▶ _YOUR GOAL_
Go to the line with "Apartments Manojlovic Будва Екстер'єр фото" in the entries below and write out every line from there through the line with "from the sea", exactly and without pictures.

(Saved data entries)
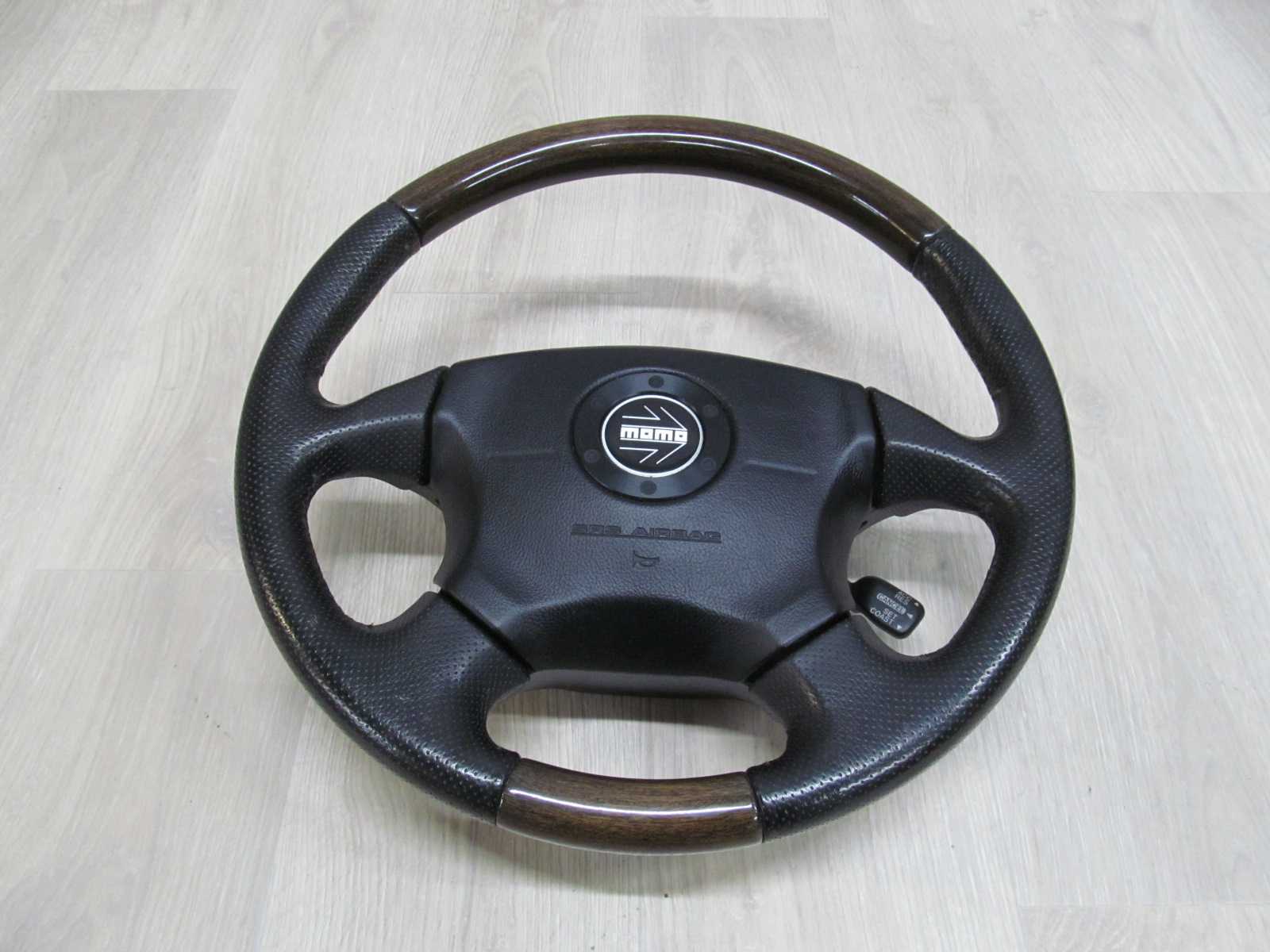 SUBARU LEGACY OUTBACK KIEROWNICA SKORA DREWNO MOMO 99-09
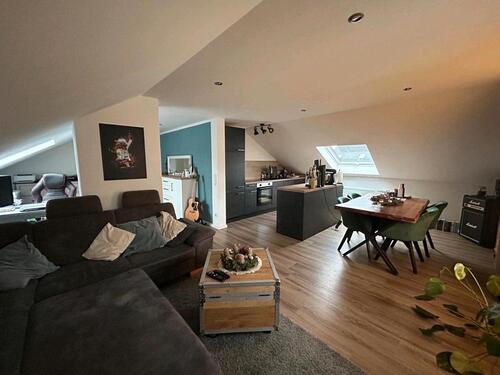 Foto - Top Lage 3 Zimmer DG-Wohnung zu Vermieten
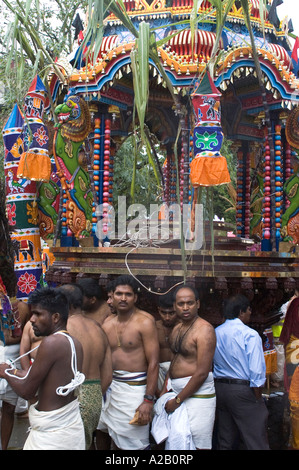 Männer, die darauf warten, dem Wagen aus dem Sri Kanaga Thurkai Amman Tempel der jährlichen Chariot Festival West Ealing London bewegen Stockfoto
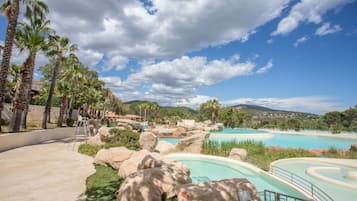 Et oppvarmet basseng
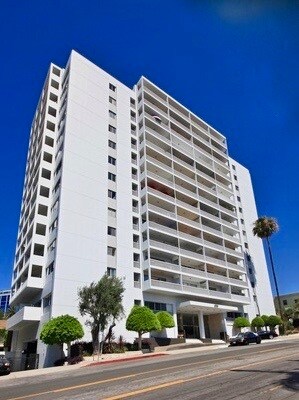 Camina a la zona del Strip. - 999 N Doheny Dr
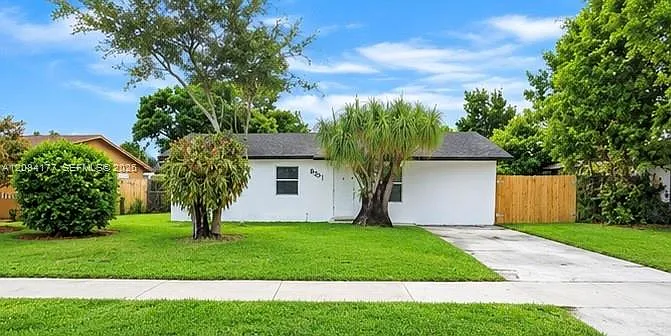 3 bed, 1247 sqft, $3,200 — Photo 2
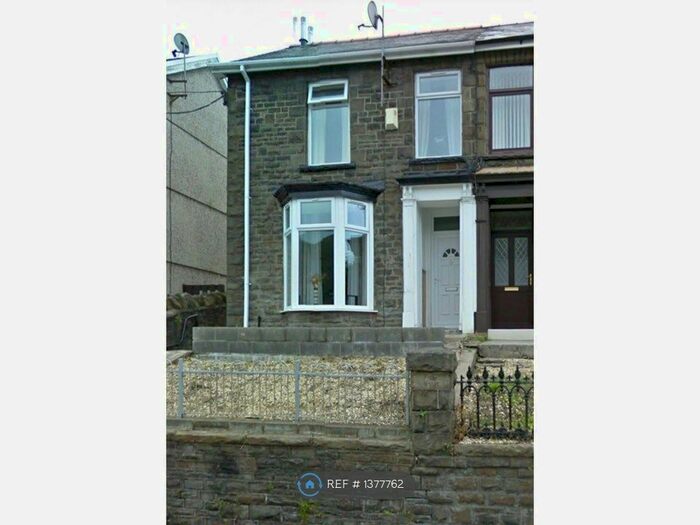 2 Bedroom Semi-Detached House To Rent In Penrhiwceiber Road, Mountain Ash, CF45
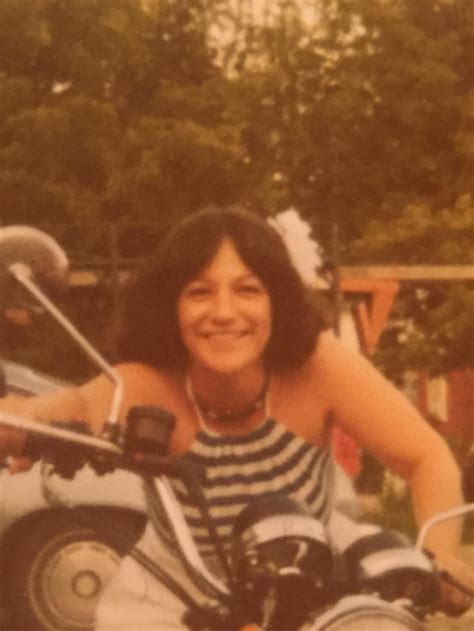My Mom around 20 years old. Circa 1967ish : r/OldSchoolCool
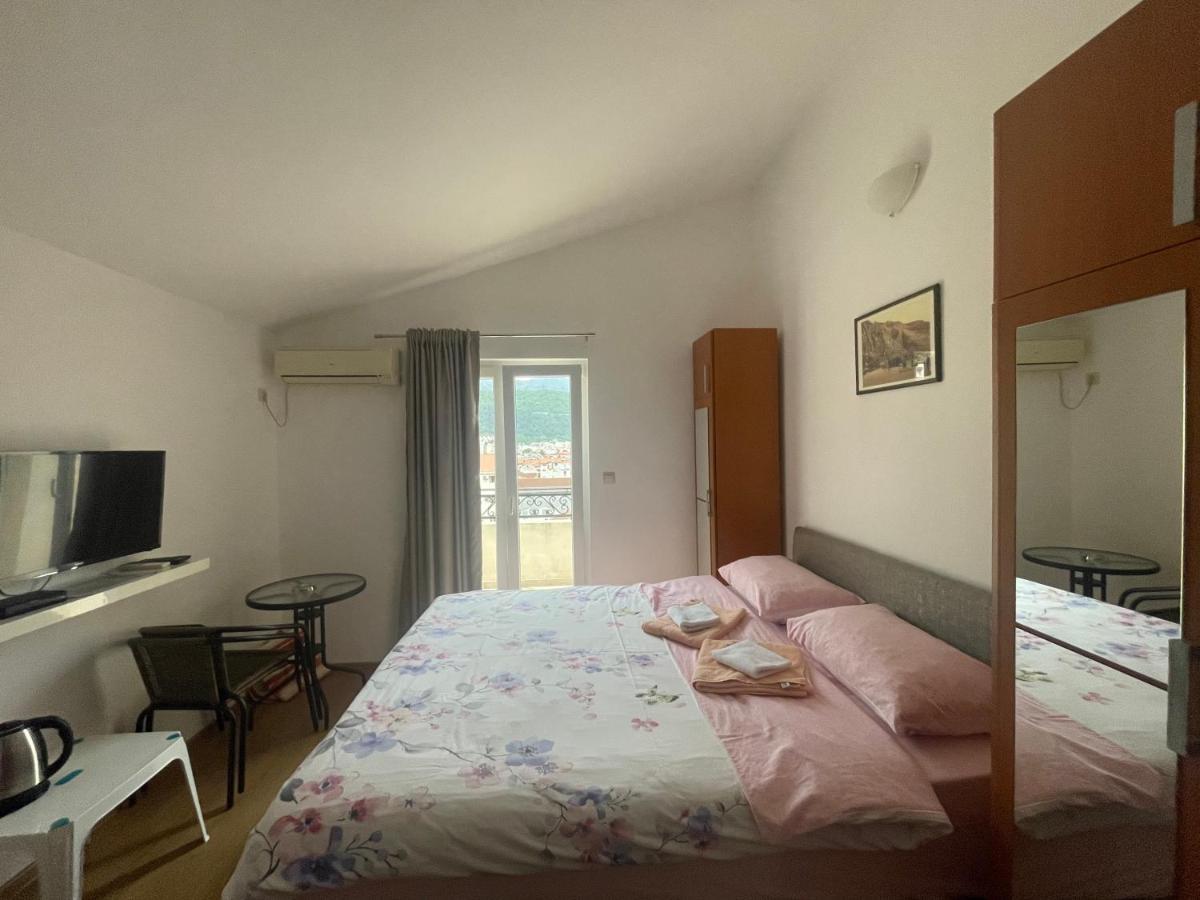 Apartments Manojlovic Будва Екстер'єр фото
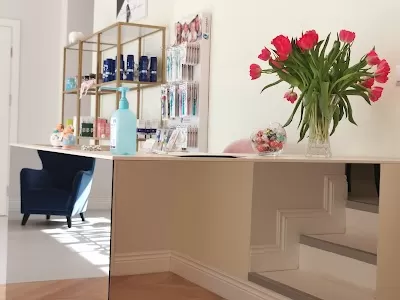 Dr Anna Bucka PrevDent Wybielanie zębów wrażliwych Leczenie Bruksizmu Medycyna Estetyczna Botoks Warszawa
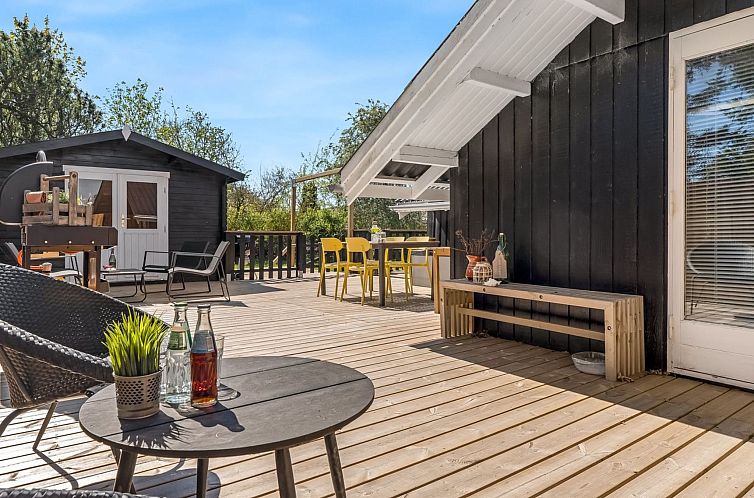 Vakantiehuis "Nayati" - 800m from the sea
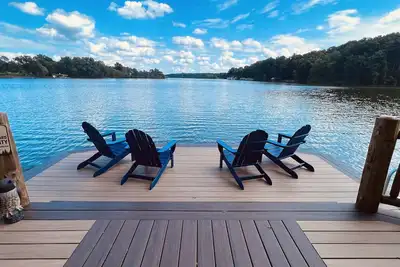 Image de Nouveau! Knot Loggin ’Inn - Charme rustique avec confort moderne et vue sur le lac sans fin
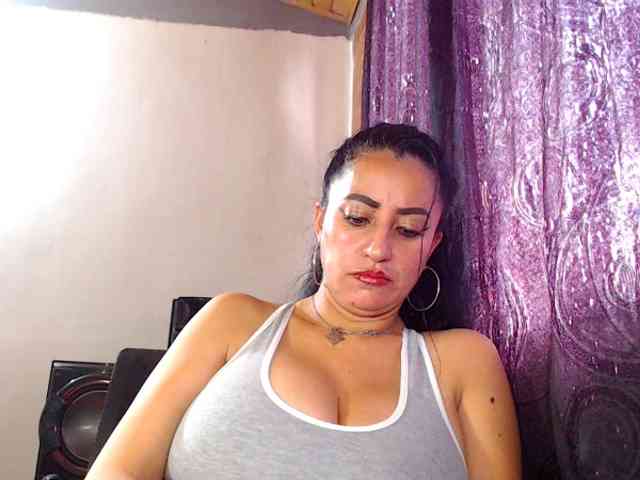 AlexandrinaFenix webcam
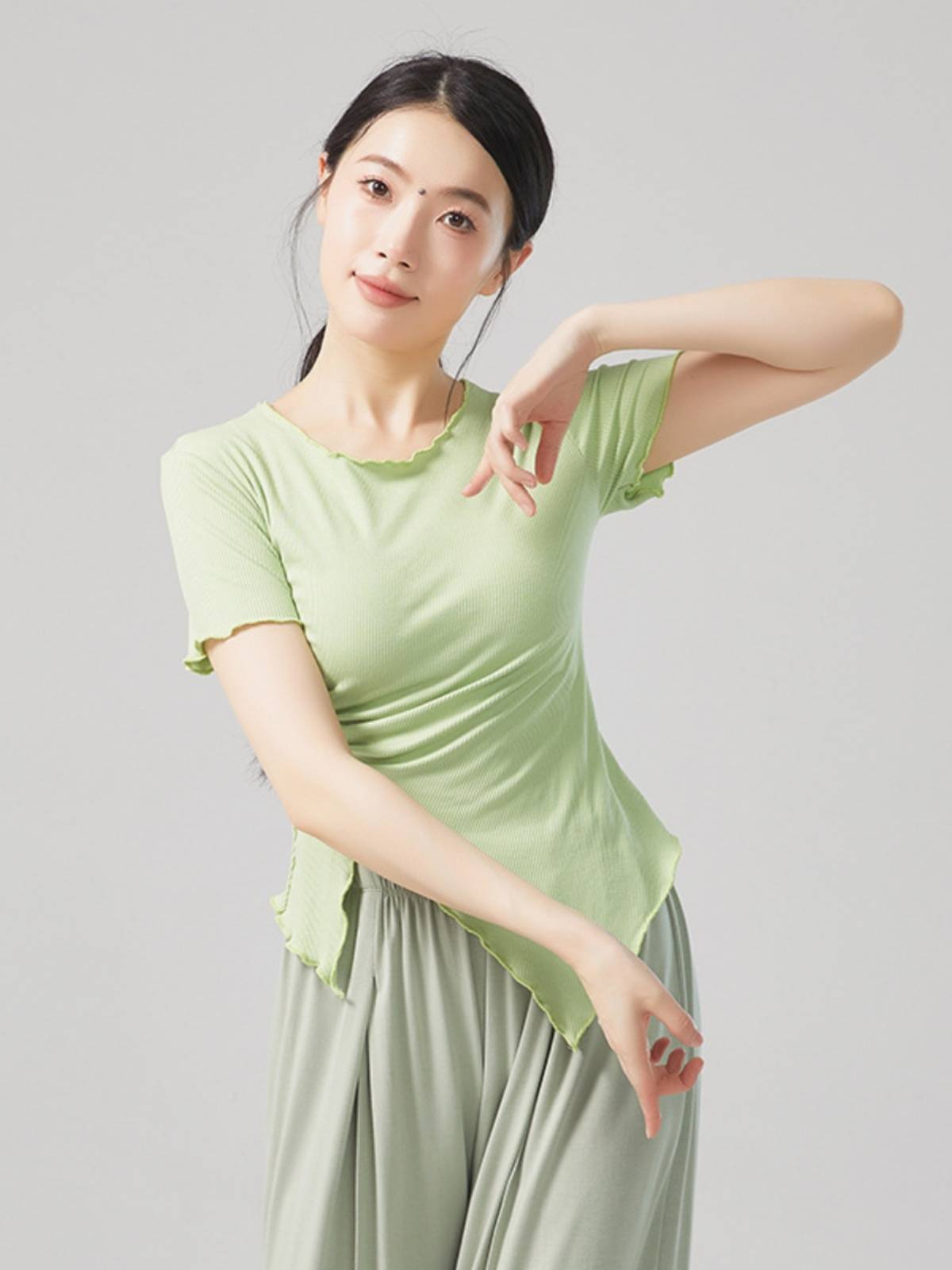 Classical dance service wooden ear round neck T -shirt female thin Hong Kong wind shirt summer short -sleeved split modern dance teacher class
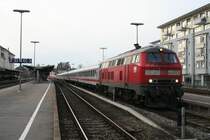 218 491-9 vor dem Ski-Express Montafon, Friedrichshafen Stadt, 27.02.10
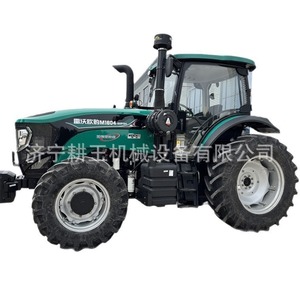 Tractor de Ruedas Weichai M1604 4x4 con Transmisión por Engranajes, Motor Verde y Tanque de Combustible de 260L - Product Image 5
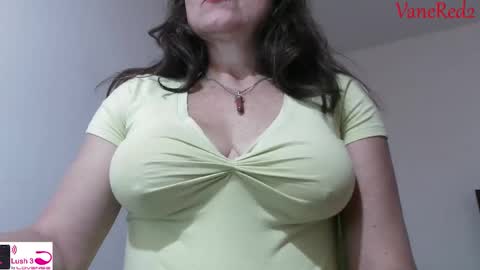 Snapshot of vanessared2 chatting on 02-11-25, 10:59 Vanesared2 online show from 02-11-25, 10:59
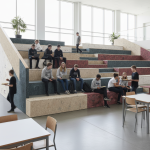 Schoolaula voorzien van HPL laminaat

▶ _ANSWER SECTION_
 Apartments Manojlovic Будва Екстер'єр фото
 Dr Anna Bucka PrevDent Wybielanie zębów wrażliwych Leczenie Bruksizmu Medycyna Estetyczna Botoks Warszawa
 Vakantiehuis "Nayati" - 800m from the sea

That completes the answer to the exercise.